The Commons all-party transport committee, chaired by Labour MP Harry Cowans, will examine the whole question of tolls on estuarine crossings and the cost to the nation of abolishing them.

It wants written evidence from interested parties by October 8, after which oral evidence will be taken from selected organisations.

As well as looking at the possibility of tolls being abolished on such crossings as the Dartford Tunnel, Severn, Forth, Tay, Humber and Erskine bridges, and the Mersey tunnels, the committee will examine why successive Governments have imposed tolls.

It will look at the cost of installing and operating toll systems, the extent to which road users are delayed by tolls, and the manner in which toll charges are calculated.

The inquiry comes at a time when the toll collection system at the Dartford Tunnel is being expanded to accommodate the expected volume of traffic which will use the tunnel once the M25 London ringway is completed.
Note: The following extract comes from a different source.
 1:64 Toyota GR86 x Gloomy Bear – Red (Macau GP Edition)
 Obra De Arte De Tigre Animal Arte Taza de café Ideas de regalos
Many road user organisations have complained bitterly about this potential bottleneck on the M25, and it is one of the few issues on which road users and the Greater London Council are united.

The Department of Transport has refuted suggestions by the Merseyside Chamber of Commerce that there were incon sistencies in policy towards tolls on estuarine crossings, as it was intended that the proposed new East London River Crossing should be toll-free.

In a letter to the Chamber's surface transport committee, the DTp said that decision in particular cases depended upon whether there were counter arguments on grounds of traffic diversion or congestion.

"One of the main objects of the new East London River Crossing is to relieve pressure on the Blackwell Tunnel. Tolling the ELRC would encourage continued congestion in the Blackwell Tunnel and deter traffic which would otherwise usefully divert from the Dartford Tunnel," said the DTp.

And in reply to the Chamber's demand that the Mersey tunnels and all estuarine crossings should be toll free, the DTp said that tolls had enabled some costly but useful additions to be made to transport infrastructure which might otherwise have been much delayed or not built at all.

Peter Rigby, committee secretary, said the letter would be considered at its next meeting. "The Government's policy still seemed unfair and lacking in consistency," he said.

The chamber had been battling since 1943 for the Mersey tunnels to become part of the national highway system and the campaign would go on.

Both the Road Haulage Association and Freight Transport Association have been campaigning to have tolls abolished and only this month the FTA called again for the £7bn "over taxation" which it believes road users pay over allocated track costs to be used to pay the £500m outstanding debt on estauraine crossings.

It has identified 16 bridges and tunnels in Britain upon which tolls are charged.